In deze zaak, behandeld door het Gerechtshof Amsterdam, betreft het een hoger beroep over de omgangsregeling tussen een moeder en haar twee minderjarige kinderen. De moeder, verzoekster in principaal hoger beroep, heeft een verzoek ingediend om haar omgang met de kinderen te herstellen en uit te breiden. De gecertificeerde instelling, de William Schrikker Stichting Jeugdbescherming & Jeugdreclassering, is verweerster in het principaal hoger beroep en verzoekster in het incidenteel hoger beroep. De Raad voor de Kinderbescherming heeft als adviseur opgetreden in deze procedure.
De moeder heeft in eerdere procedures al een omgangsregeling toegewezen gekregen, maar deze is in de bestreden beschikking door de rechtbank Amsterdam afgewezen. Het hof heeft de zaak in hoger beroep behandeld en de moeder gehoord, evenals de GI en de Raad. De moeder heeft verzocht om een uitbreiding van de omgangsregeling, terwijl de GI heeft verzocht om de verzoeken van de moeder af te wijzen en de huidige regeling te handhaven.

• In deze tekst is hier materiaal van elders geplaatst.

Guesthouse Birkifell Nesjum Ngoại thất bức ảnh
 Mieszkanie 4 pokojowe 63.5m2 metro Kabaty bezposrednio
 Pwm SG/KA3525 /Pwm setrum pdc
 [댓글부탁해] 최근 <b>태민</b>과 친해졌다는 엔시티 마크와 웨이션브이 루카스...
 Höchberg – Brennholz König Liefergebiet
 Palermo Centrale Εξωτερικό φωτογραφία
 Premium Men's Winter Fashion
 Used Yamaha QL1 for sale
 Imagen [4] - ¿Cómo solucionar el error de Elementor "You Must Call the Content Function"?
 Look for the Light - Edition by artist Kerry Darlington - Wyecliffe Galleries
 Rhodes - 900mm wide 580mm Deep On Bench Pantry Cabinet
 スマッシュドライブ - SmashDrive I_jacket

Het hof heeft de rapportage van de Raad in overweging genomen, waarin belemmeringen voor de omgang zijn geschetst. De Raad adviseert om de huidige omgangsregeling te continueren en te streven naar een uitbreiding naar een onbegeleide omgang met een overnachting bij de moeder. Het hof heeft besloten dat de omgang tussen de moeder en [minderjarige 2] voortgezet wordt met een frequentie van eenmaal per twee weken, met de mogelijkheid tot uitbreiding. Voor [minderjarige 1] is besloten dat de gezinsvoogd, de moeder, de oma en [minderjarige 1] onderling bepalen wanneer de omgang plaatsvindt. Daarnaast is de GI verplicht om de moeder maandelijks te informeren over de ontwikkelingen van de kinderen.